Work instructions: The full set of entries has to be output exactly.

Excerpted records:
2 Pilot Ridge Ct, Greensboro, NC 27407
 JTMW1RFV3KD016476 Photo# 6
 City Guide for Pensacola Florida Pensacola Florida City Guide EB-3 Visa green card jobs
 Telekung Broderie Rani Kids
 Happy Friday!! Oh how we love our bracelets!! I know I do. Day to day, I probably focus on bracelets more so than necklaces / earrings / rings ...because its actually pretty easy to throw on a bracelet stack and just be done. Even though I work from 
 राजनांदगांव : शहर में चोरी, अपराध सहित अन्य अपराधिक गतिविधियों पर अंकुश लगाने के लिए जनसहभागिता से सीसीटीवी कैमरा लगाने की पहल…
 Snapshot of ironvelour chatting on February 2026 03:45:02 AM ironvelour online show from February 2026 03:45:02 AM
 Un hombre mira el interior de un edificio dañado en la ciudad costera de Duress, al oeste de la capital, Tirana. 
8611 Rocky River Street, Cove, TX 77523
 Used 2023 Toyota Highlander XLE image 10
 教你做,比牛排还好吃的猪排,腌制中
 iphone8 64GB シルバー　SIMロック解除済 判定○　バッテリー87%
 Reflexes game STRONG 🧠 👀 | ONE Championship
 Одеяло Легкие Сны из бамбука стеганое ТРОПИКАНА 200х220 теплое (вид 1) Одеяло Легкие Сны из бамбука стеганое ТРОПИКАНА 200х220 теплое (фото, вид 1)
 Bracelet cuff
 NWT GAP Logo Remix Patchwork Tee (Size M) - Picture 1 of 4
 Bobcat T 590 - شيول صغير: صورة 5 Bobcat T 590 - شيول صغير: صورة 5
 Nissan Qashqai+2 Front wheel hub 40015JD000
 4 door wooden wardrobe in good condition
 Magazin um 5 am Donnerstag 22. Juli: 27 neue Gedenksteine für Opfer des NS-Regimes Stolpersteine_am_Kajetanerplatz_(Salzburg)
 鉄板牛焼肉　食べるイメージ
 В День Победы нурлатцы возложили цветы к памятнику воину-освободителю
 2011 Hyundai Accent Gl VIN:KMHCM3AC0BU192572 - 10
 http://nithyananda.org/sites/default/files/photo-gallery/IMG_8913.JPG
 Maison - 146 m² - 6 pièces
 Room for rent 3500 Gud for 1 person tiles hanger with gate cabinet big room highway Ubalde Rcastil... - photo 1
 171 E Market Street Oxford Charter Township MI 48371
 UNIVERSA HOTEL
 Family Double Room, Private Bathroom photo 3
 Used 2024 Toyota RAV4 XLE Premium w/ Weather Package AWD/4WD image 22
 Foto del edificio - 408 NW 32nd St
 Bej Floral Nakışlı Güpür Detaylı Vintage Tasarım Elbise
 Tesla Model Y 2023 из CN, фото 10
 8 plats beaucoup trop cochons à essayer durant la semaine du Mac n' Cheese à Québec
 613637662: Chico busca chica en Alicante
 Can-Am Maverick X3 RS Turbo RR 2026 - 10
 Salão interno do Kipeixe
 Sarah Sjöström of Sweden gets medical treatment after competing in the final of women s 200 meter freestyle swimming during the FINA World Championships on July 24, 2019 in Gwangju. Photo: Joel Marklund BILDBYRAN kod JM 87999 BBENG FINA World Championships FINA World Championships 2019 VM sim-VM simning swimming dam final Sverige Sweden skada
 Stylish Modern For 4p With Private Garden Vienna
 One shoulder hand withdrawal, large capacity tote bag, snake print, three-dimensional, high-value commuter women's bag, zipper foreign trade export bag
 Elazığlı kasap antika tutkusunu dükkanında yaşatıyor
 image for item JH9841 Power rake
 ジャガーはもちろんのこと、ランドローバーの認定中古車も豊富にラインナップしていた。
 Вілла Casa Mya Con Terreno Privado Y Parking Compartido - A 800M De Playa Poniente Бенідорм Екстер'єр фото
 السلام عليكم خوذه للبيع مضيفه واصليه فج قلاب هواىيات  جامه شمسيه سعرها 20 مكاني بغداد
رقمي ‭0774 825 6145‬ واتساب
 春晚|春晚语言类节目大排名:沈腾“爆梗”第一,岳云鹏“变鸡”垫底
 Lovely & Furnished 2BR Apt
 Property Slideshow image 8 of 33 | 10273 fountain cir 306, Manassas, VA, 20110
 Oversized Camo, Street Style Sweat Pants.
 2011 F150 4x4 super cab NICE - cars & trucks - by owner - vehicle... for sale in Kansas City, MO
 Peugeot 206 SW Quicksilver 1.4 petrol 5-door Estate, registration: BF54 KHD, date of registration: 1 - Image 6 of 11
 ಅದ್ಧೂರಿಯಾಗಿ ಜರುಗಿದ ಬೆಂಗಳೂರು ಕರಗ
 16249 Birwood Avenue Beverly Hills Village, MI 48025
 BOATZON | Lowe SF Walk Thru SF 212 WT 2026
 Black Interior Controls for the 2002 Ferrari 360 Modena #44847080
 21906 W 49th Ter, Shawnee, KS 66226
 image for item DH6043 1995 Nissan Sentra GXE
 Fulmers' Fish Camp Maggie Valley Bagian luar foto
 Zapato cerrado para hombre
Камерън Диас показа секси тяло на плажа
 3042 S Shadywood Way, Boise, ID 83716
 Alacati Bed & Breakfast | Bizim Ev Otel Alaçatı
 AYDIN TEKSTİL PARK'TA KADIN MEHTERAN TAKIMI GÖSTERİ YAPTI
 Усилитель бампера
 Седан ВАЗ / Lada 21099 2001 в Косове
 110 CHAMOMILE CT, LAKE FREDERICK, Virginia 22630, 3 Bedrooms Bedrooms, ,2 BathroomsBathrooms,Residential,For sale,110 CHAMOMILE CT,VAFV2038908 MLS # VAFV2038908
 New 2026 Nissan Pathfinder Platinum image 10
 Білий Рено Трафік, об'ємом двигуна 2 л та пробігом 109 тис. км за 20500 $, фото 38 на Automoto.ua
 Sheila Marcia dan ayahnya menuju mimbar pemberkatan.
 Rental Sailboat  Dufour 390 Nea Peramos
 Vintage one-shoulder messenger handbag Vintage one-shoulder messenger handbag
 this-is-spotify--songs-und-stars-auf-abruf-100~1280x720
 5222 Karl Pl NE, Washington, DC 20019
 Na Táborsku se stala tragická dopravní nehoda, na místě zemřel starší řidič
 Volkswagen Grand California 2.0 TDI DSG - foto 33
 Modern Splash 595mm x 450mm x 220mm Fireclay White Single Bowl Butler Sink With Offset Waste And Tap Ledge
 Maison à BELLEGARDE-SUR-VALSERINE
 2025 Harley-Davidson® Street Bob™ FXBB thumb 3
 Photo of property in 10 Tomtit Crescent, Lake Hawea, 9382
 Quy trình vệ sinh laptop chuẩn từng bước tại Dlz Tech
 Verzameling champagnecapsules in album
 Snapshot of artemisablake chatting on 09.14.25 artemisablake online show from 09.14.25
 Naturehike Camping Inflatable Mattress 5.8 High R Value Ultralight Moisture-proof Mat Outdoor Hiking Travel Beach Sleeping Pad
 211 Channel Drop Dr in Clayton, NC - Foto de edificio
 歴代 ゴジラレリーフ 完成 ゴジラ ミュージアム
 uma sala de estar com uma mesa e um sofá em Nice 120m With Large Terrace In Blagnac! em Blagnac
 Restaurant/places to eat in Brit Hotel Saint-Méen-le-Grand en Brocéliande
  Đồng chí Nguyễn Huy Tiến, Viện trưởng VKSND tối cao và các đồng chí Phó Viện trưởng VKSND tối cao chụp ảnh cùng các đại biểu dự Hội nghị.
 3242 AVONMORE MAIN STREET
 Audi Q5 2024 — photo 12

Response to this task:
2 Pilot Ridge Ct, Greensboro, NC 27407
 JTMW1RFV3KD016476 Photo# 6
 City Guide for Pensacola Florida Pensacola Florida City Guide EB-3 Visa green card jobs
 Telekung Broderie Rani Kids
 Happy Friday!! Oh how we love our bracelets!! I know I do. Day to day, I probably focus on bracelets more so than necklaces / earrings / rings ...because its actually pretty easy to throw on a bracelet stack and just be done. Even though I work from 
 राजनांदगांव : शहर में चोरी, अपराध सहित अन्य अपराधिक गतिविधियों पर अंकुश लगाने के लिए जनसहभागिता से सीसीटीवी कैमरा लगाने की पहल…
 Snapshot of ironvelour chatting on February 2026 03:45:02 AM ironvelour online show from February 2026 03:45:02 AM
 Un hombre mira el interior de un edificio dañado en la ciudad costera de Duress, al oeste de la capital, Tirana. 
8611 Rocky River Street, Cove, TX 77523
 Used 2023 Toyota Highlander XLE image 10
 教你做,比牛排还好吃的猪排,腌制中
 iphone8 64GB シルバー　SIMロック解除済 判定○　バッテリー87%
 Reflexes game STRONG 🧠 👀 | ONE Championship
 Одеяло Легкие Сны из бамбука стеганое ТРОПИКАНА 200х220 теплое (вид 1) Одеяло Легкие Сны из бамбука стеганое ТРОПИКАНА 200х220 теплое (фото, вид 1)
 Bracelet cuff
 NWT GAP Logo Remix Patchwork Tee (Size M) - Picture 1 of 4
 Bobcat T 590 - شيول صغير: صورة 5 Bobcat T 590 - شيول صغير: صورة 5
 Nissan Qashqai+2 Front wheel hub 40015JD000
 4 door wooden wardrobe in good condition
 Magazin um 5 am Donnerstag 22. Juli: 27 neue Gedenksteine für Opfer des NS-Regimes Stolpersteine_am_Kajetanerplatz_(Salzburg)
 鉄板牛焼肉　食べるイメージ
 В День Победы нурлатцы возложили цветы к памятнику воину-освободителю
 2011 Hyundai Accent Gl VIN:KMHCM3AC0BU192572 - 10
 http://nithyananda.org/sites/default/files/photo-gallery/IMG_8913.JPG
 Maison - 146 m² - 6 pièces
 Room for rent 3500 Gud for 1 person tiles hanger with gate cabinet big room highway Ubalde Rcastil... - photo 1
 171 E Market Street Oxford Charter Township MI 48371
 UNIVERSA HOTEL
 Family Double Room, Private Bathroom photo 3
 Used 2024 Toyota RAV4 XLE Premium w/ Weather Package AWD/4WD image 22
 Foto del edificio - 408 NW 32nd St
 Bej Floral Nakışlı Güpür Detaylı Vintage Tasarım Elbise
 Tesla Model Y 2023 из CN, фото 10
 8 plats beaucoup trop cochons à essayer durant la semaine du Mac n' Cheese à Québec
 613637662: Chico busca chica en Alicante
 Can-Am Maverick X3 RS Turbo RR 2026 - 10
 Salão interno do Kipeixe
 Sarah Sjöström of Sweden gets medical treatment after competing in the final of women s 200 meter freestyle swimming during the FINA World Championships on July 24, 2019 in Gwangju. Photo: Joel Marklund BILDBYRAN kod JM 87999 BBENG FINA World Championships FINA World Championships 2019 VM sim-VM simning swimming dam final Sverige Sweden skada
 Stylish Modern For 4p With Private Garden Vienna
 One shoulder hand withdrawal, large capacity tote bag, snake print, three-dimensional, high-value commuter women's bag, zipper foreign trade export bag
 Elazığlı kasap antika tutkusunu dükkanında yaşatıyor
 image for item JH9841 Power rake
 ジャガーはもちろんのこと、ランドローバーの認定中古車も豊富にラインナップしていた。
 Вілла Casa Mya Con Terreno Privado Y Parking Compartido - A 800M De Playa Poniente Бенідорм Екстер'єр фото
 السلام عليكم خوذه للبيع مضيفه واصليه فج قلاب هواىيات  جامه شمسيه سعرها 20 مكاني بغداد
رقمي ‭0774 825 6145‬ واتساب
 春晚|春晚语言类节目大排名:沈腾“爆梗”第一,岳云鹏“变鸡”垫底
 Lovely & Furnished 2BR Apt
 Property Slideshow image 8 of 33 | 10273 fountain cir 306, Manassas, VA, 20110
 Oversized Camo, Street Style Sweat Pants.
 2011 F150 4x4 super cab NICE - cars & trucks - by owner - vehicle... for sale in Kansas City, MO
 Peugeot 206 SW Quicksilver 1.4 petrol 5-door Estate, registration: BF54 KHD, date of registration: 1 - Image 6 of 11
 ಅದ್ಧೂರಿಯಾಗಿ ಜರುಗಿದ ಬೆಂಗಳೂರು ಕರಗ
 16249 Birwood Avenue Beverly Hills Village, MI 48025
 BOATZON | Lowe SF Walk Thru SF 212 WT 2026
 Black Interior Controls for the 2002 Ferrari 360 Modena #44847080
 21906 W 49th Ter, Shawnee, KS 66226
 image for item DH6043 1995 Nissan Sentra GXE
 Fulmers' Fish Camp Maggie Valley Bagian luar foto
 Zapato cerrado para hombre
Камерън Диас показа секси тяло на плажа
 3042 S Shadywood Way, Boise, ID 83716
 Alacati Bed & Breakfast | Bizim Ev Otel Alaçatı
 AYDIN TEKSTİL PARK'TA KADIN MEHTERAN TAKIMI GÖSTERİ YAPTI
 Усилитель бампера
 Седан ВАЗ / Lada 21099 2001 в Косове
 110 CHAMOMILE CT, LAKE FREDERICK, Virginia 22630, 3 Bedrooms Bedrooms, ,2 BathroomsBathrooms,Residential,For sale,110 CHAMOMILE CT,VAFV2038908 MLS # VAFV2038908
 New 2026 Nissan Pathfinder Platinum image 10
 Білий Рено Трафік, об'ємом двигуна 2 л та пробігом 109 тис. км за 20500 $, фото 38 на Automoto.ua
 Sheila Marcia dan ayahnya menuju mimbar pemberkatan.
 Rental Sailboat  Dufour 390 Nea Peramos
 Vintage one-shoulder messenger handbag Vintage one-shoulder messenger handbag
 this-is-spotify--songs-und-stars-auf-abruf-100~1280x720
 5222 Karl Pl NE, Washington, DC 20019
 Na Táborsku se stala tragická dopravní nehoda, na místě zemřel starší řidič
 Volkswagen Grand California 2.0 TDI DSG - foto 33
 Modern Splash 595mm x 450mm x 220mm Fireclay White Single Bowl Butler Sink With Offset Waste And Tap Ledge
 Maison à BELLEGARDE-SUR-VALSERINE
 2025 Harley-Davidson® Street Bob™ FXBB thumb 3
 Photo of property in 10 Tomtit Crescent, Lake Hawea, 9382
 Quy trình vệ sinh laptop chuẩn từng bước tại Dlz Tech
 Verzameling champagnecapsules in album
 Snapshot of artemisablake chatting on 09.14.25 artemisablake online show from 09.14.25
 Naturehike Camping Inflatable Mattress 5.8 High R Value Ultralight Moisture-proof Mat Outdoor Hiking Travel Beach Sleeping Pad
 211 Channel Drop Dr in Clayton, NC - Foto de edificio
 歴代 ゴジラレリーフ 完成 ゴジラ ミュージアム
 uma sala de estar com uma mesa e um sofá em Nice 120m With Large Terrace In Blagnac! em Blagnac
 Restaurant/places to eat in Brit Hotel Saint-Méen-le-Grand en Brocéliande
  Đồng chí Nguyễn Huy Tiến, Viện trưởng VKSND tối cao và các đồng chí Phó Viện trưởng VKSND tối cao chụp ảnh cùng các đại biểu dự Hội nghị.
 3242 AVONMORE MAIN STREET
 Audi Q5 2024 — photo 12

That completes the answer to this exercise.